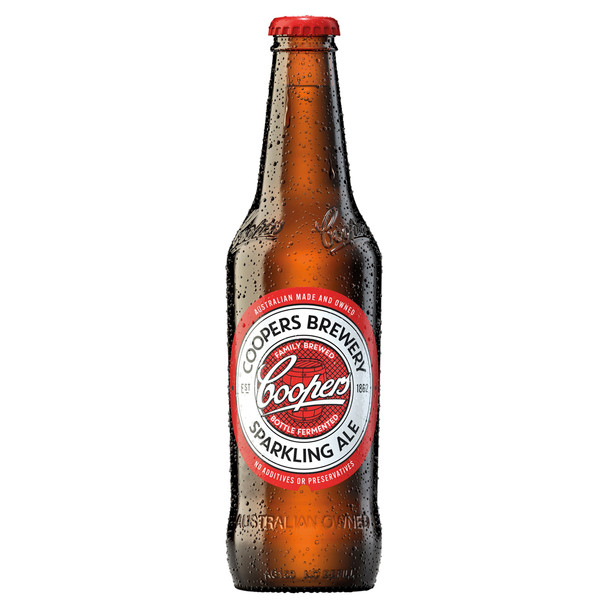 Coopers Sparkling Ale 375mL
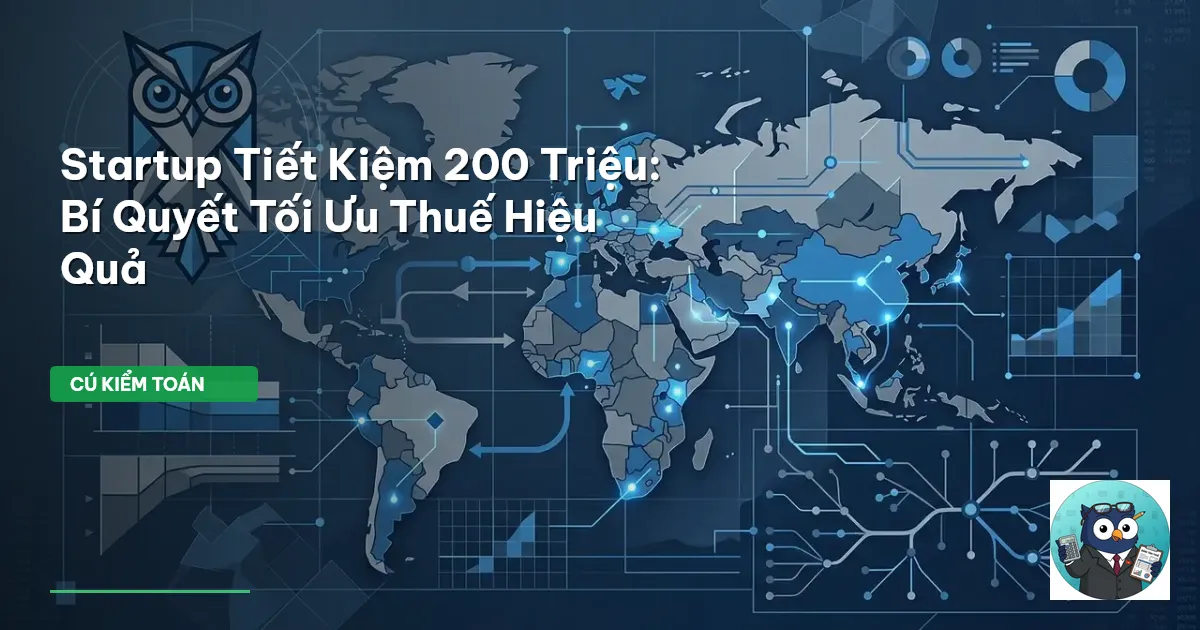 ưu đãi thuế startup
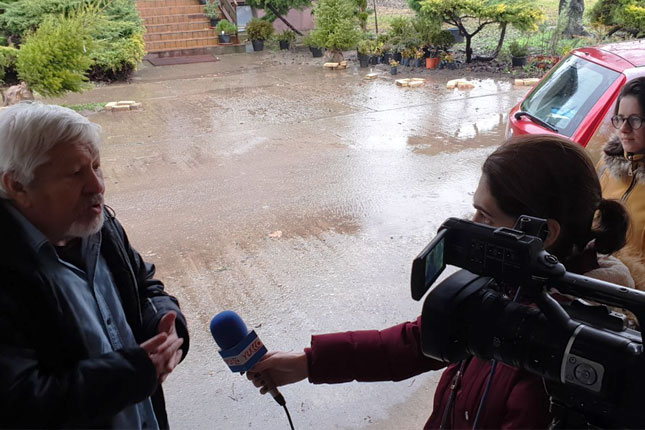 "Srebrna jelka" stigla u dom naše sugrađanke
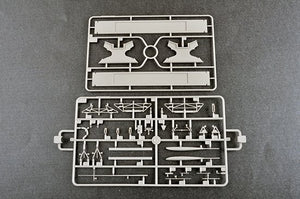 Trumpeter 05633 Aircraft Carrier Weser 1/350 – Bild 9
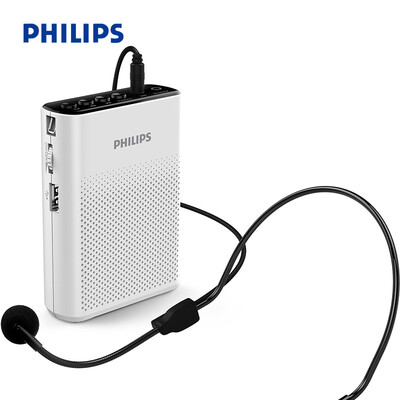 

Philips (PHILIPS) SBM200 портативного динамик мини-карта стереосистемы Би громкоговоритель посвященного обучение руководство для проведения деловых встреч белого музыкального плеера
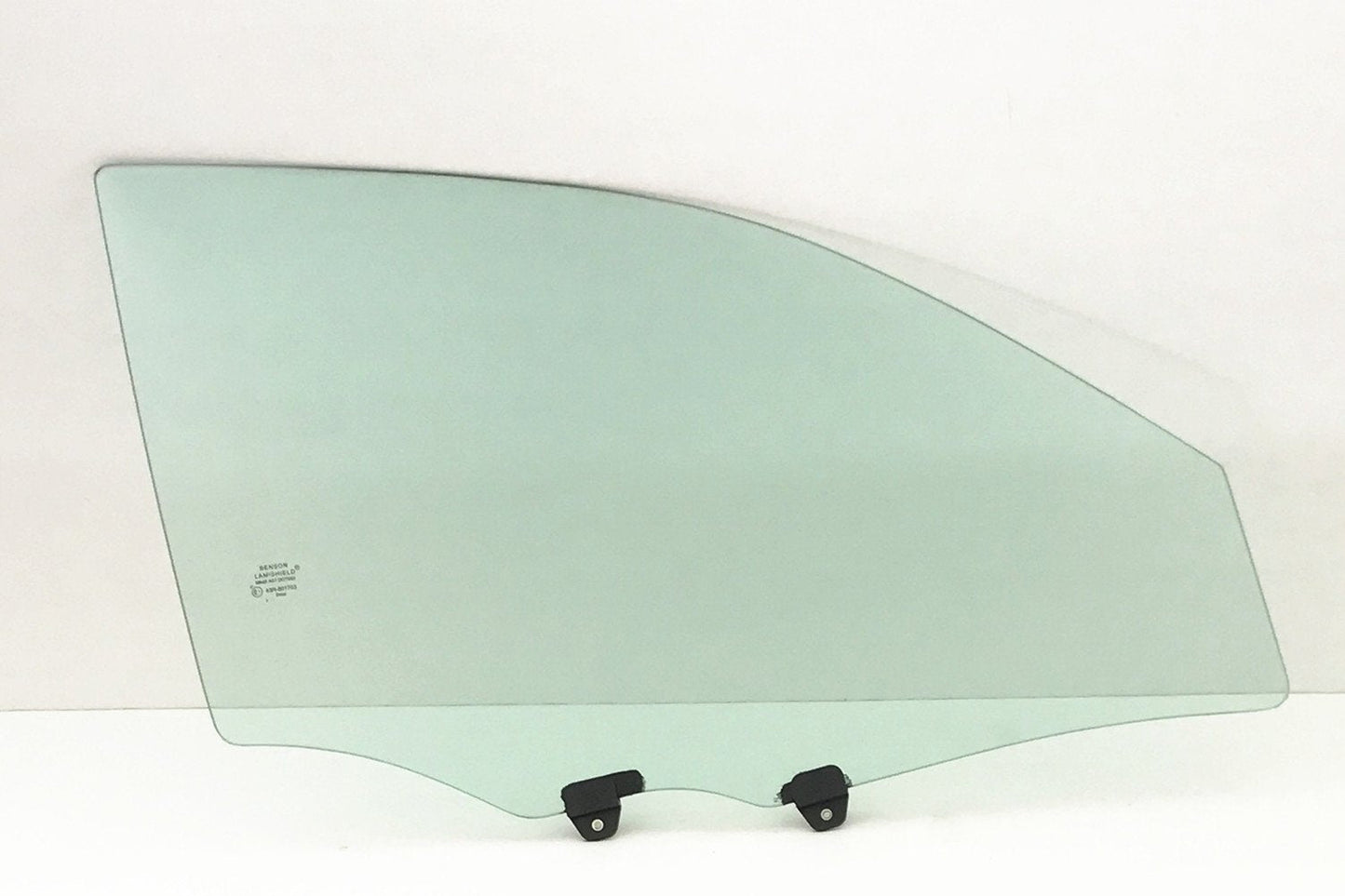 Laminated Passenger Right Side Front Door Window Door Glass Compatible with Chevrolet Impala 2001-2005 Models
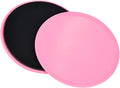 CHICIRIS Fitness Gliding Disc Core Slider for Full Body Workout, 2PCS Exercise Sliding Gliding Discs for Gym & Physical Therapy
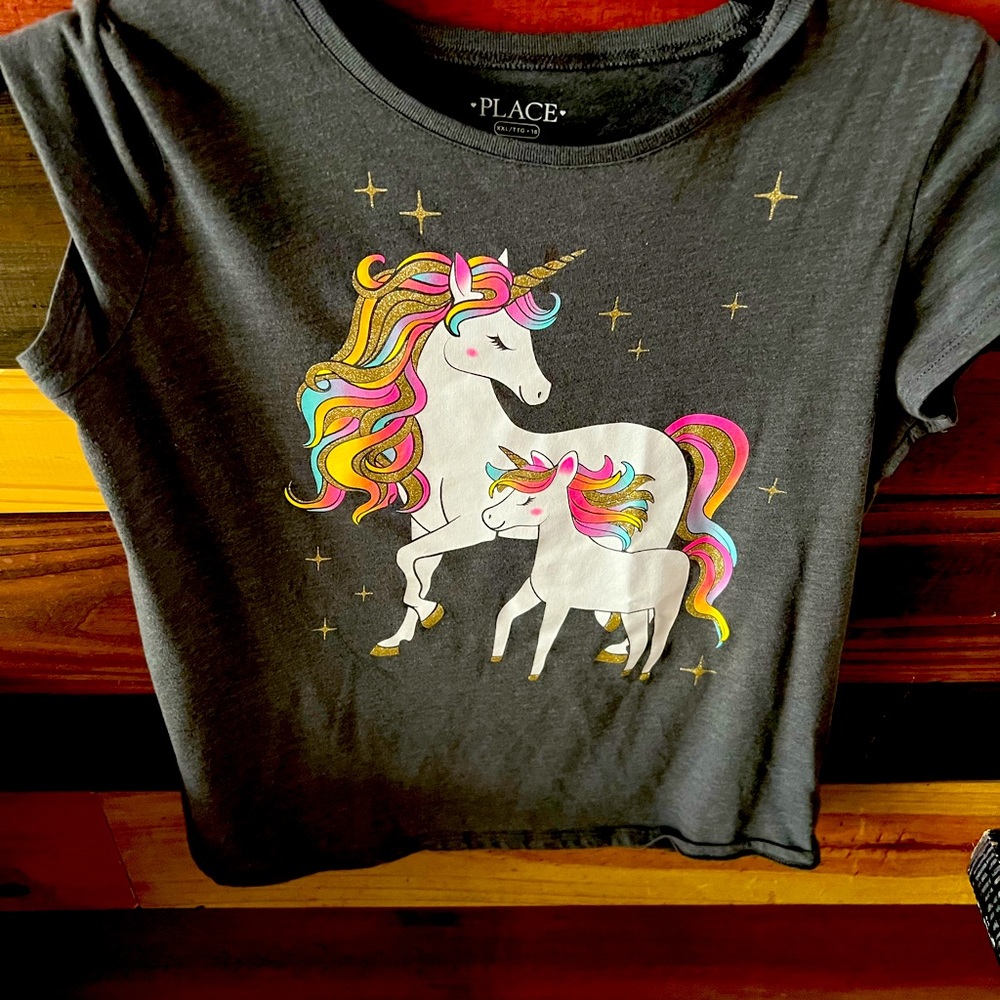 Children’s Place Girls T-shirts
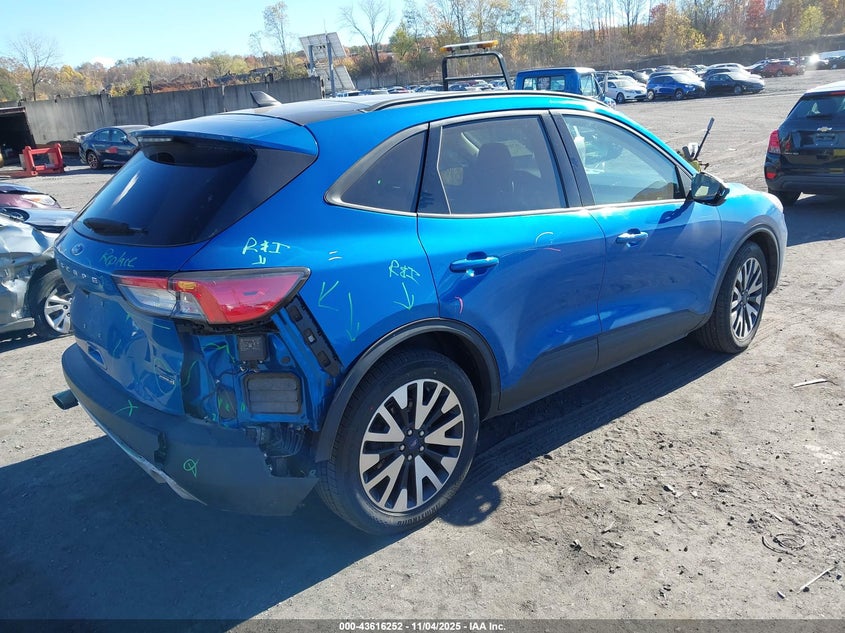 2020 FORD ESCAPE SE SPORT HYBRID 1FMCU9BZ0LUB55058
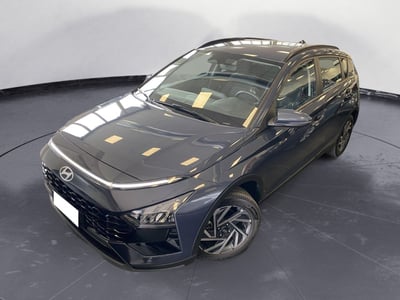 Hyundai Bayon 1.2 Gpl Xline 78cv mt del 2024 usata a Meda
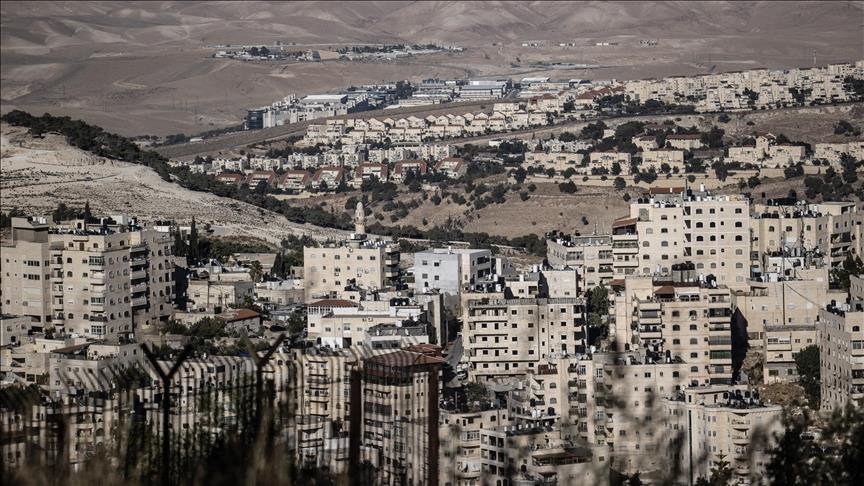 Palestine decries Israeli settlement project to fragment occupied West Bank, isolate East Jerusalem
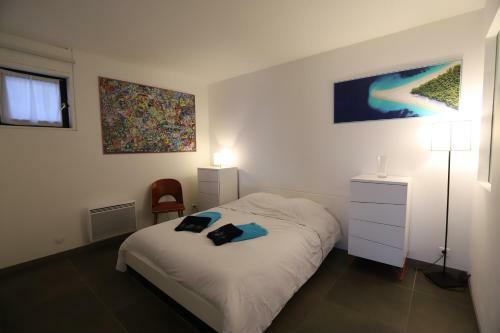 Apartamento Superbe Appartement Vue Mer Et Piscine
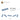 6111685-PLATE 1X4-Sand Blue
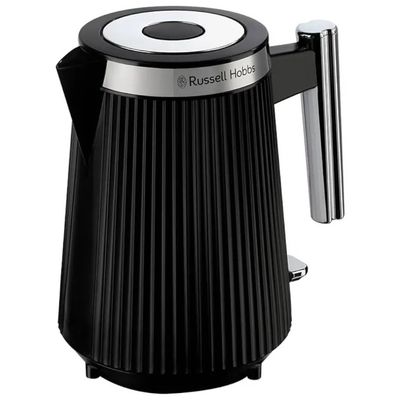 Russell Hobbs Brontë Bollitore Elettrico 1,7 L 2400 W Nero Russell Hobbs Brontë Bollitore Elettrico 1,7 L 2400 W Nero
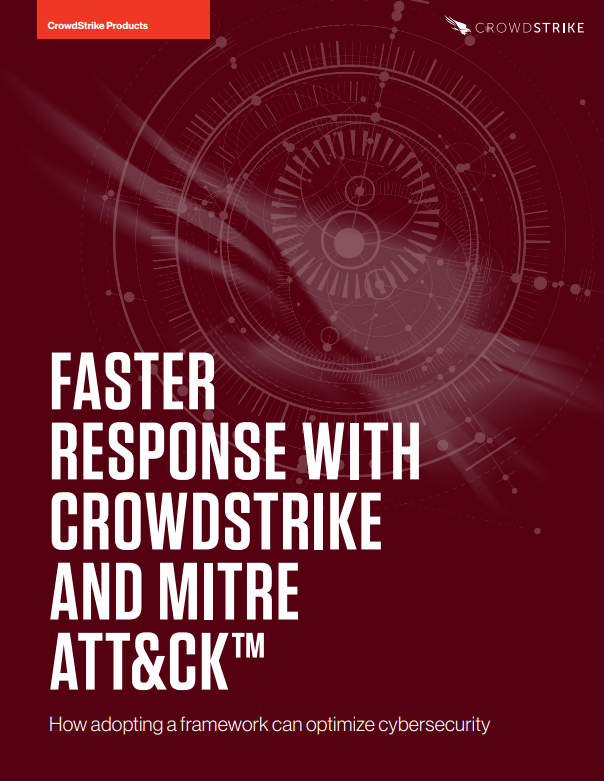Screenshot 1 9 - Faster Response with CrowdStrike and MITRE ATT&CK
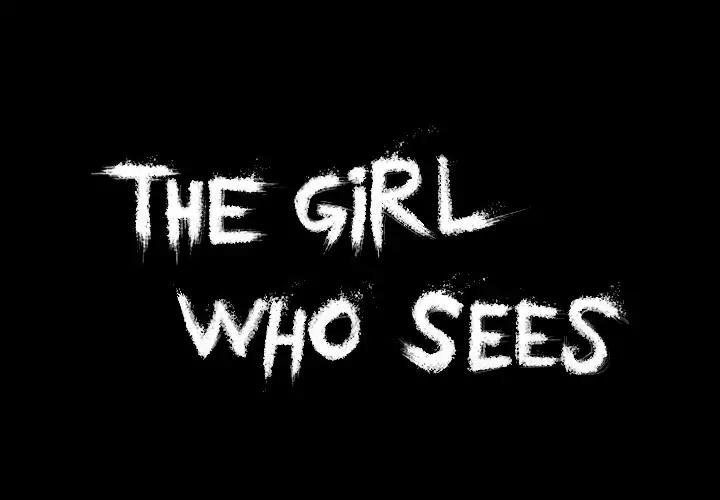 The Girl Who Sees Episode 40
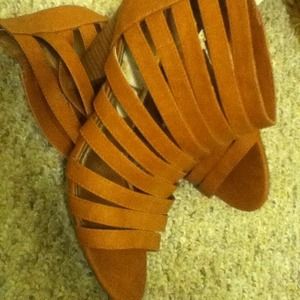 Dollhouse cute heels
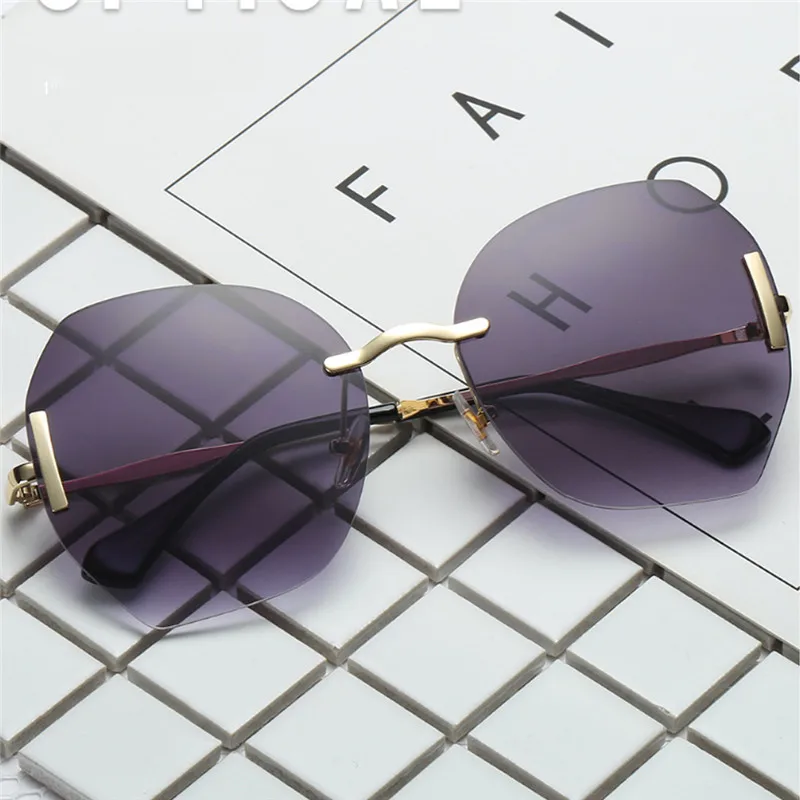 rimless sunglasses (2)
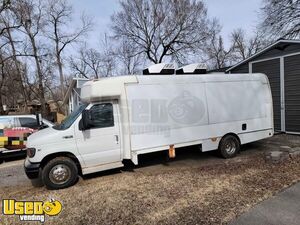 2008 Ford E-350 All-Purpose Food Truck | Used Candy Truck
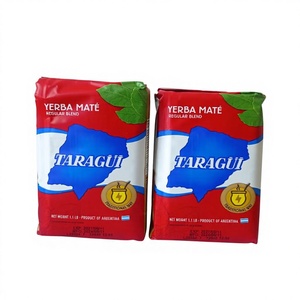 500g de <span class=keywords><strong>Yerba</strong></span> <span class=keywords><strong>Mate</strong></span> Fermentada en Bolsa y Caja, Envase Tipo Sachet y Taza, Nueva a Granel - Product Image 3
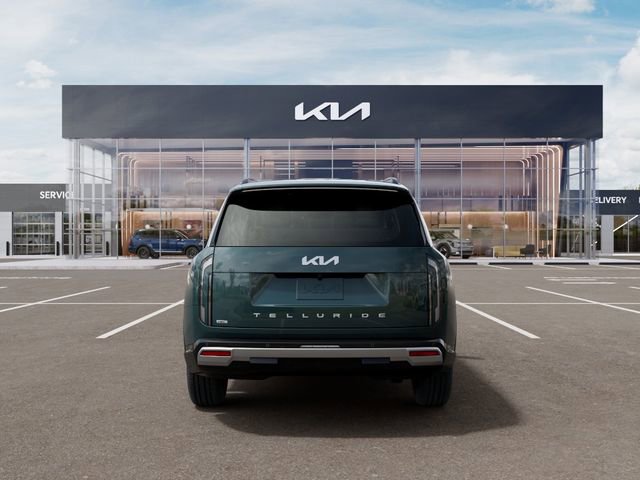 New 2027 Kia Telluride SX FWD image 5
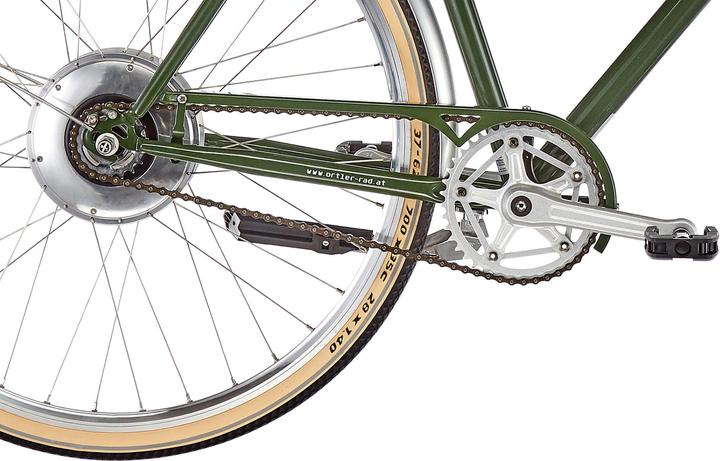 Produktbild Ortler Bricktown Zehus (60 cm)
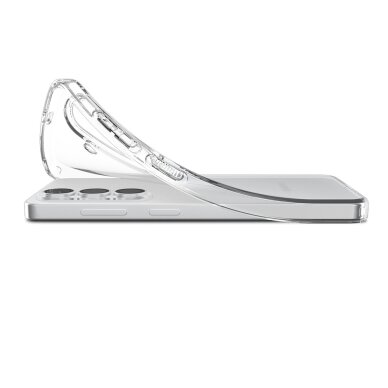 Samsung Galaxy S26+ Spigen Liquid Crystal dėklas – skaidrus 6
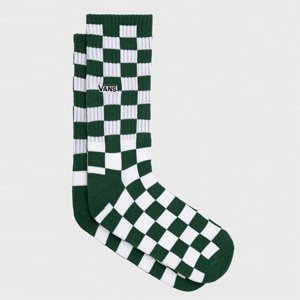 Pánské Ponožky VANS MN CHECKERBOARD CREW II (6.5-9, 1PK) EDEN - UNI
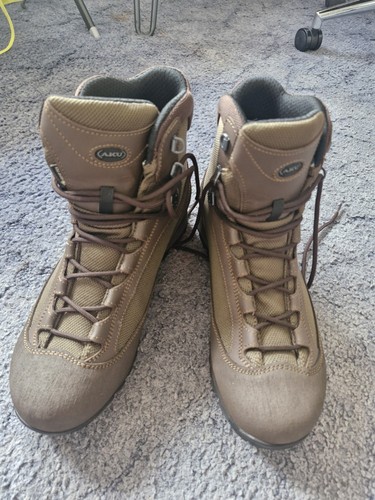 Aku boots high liability - aku,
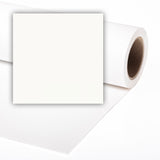 Colorama 1.35 x 11m (53" x 36ft) Super White Background Paper
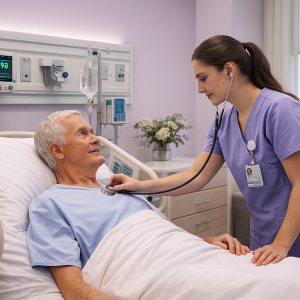 CNA Essentials: Patient Care Skills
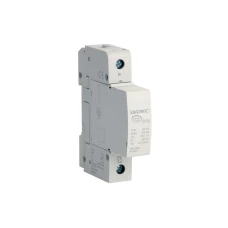 NX1213 УЗИП, класс I+II, 1-полюсный, N-PE, 50кА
────────────────────
From the first line to the last, return the material above exactly, apart from the pictures.

• [Response]:
 Coopers Sparkling Ale 375mL
 ưu đãi thuế startup
 "Srebrna jelka" stigla u dom naše sugrađanke
 Trumpeter 05633 Aircraft Carrier Weser 1/350 – Bild 9

Philips (PHILIPS) SBM200 портативного динамик мини-карта стереосистемы Би громкоговоритель посвященного обучение руководство для проведения деловых встреч белого музыкального плеера
 Laminated Passenger Right Side Front Door Window Door Glass Compatible with Chevrolet Impala 2001-2005 Models
 CHICIRIS Fitness Gliding Disc Core Slider for Full Body Workout, 2PCS Exercise Sliding Gliding Discs for Gym & Physical Therapy
 Children’s Place Girls T-shirts
 2020 FORD ESCAPE SE SPORT HYBRID 1FMCU9BZ0LUB55058
 Hyundai Bayon 1.2 Gpl Xline 78cv mt del 2024 usata a Meda
 Palestine decries Israeli settlement project to fragment occupied West Bank, isolate East Jerusalem
 Apartamento Superbe Appartement Vue Mer Et Piscine
 6111685-PLATE 1X4-Sand Blue
 Russell Hobbs Brontë Bollitore Elettrico 1,7 L 2400 W Nero Russell Hobbs Brontë Bollitore Elettrico 1,7 L 2400 W Nero
Screenshot 1 9 - Faster Response with CrowdStrike and MITRE ATT&CK
 The Girl Who Sees Episode 40
 Dollhouse cute heels
 rimless sunglasses (2)
 2008 Ford E-350 All-Purpose Food Truck | Used Candy Truck
 500g de <span class=keywords><strong>Yerba</strong></span> <span class=keywords><strong>Mate</strong></span> Fermentada en Bolsa y Caja, Envase Tipo Sachet y Taza, Nueva a Granel - Product Image 3
 New 2027 Kia Telluride SX FWD image 5
 Produktbild Ortler Bricktown Zehus (60 cm)
 Samsung Galaxy S26+ Spigen Liquid Crystal dėklas – skaidrus 6
 Pánské Ponožky VANS MN CHECKERBOARD CREW II (6.5-9, 1PK) EDEN - UNI
 Aku boots high liability - aku,
 Colorama 1.35 x 11m (53" x 36ft) Super White Background Paper
 CNA Essentials: Patient Care Skills
 NX1213 УЗИП, класс I+II, 1-полюсный, N-PE, 50кА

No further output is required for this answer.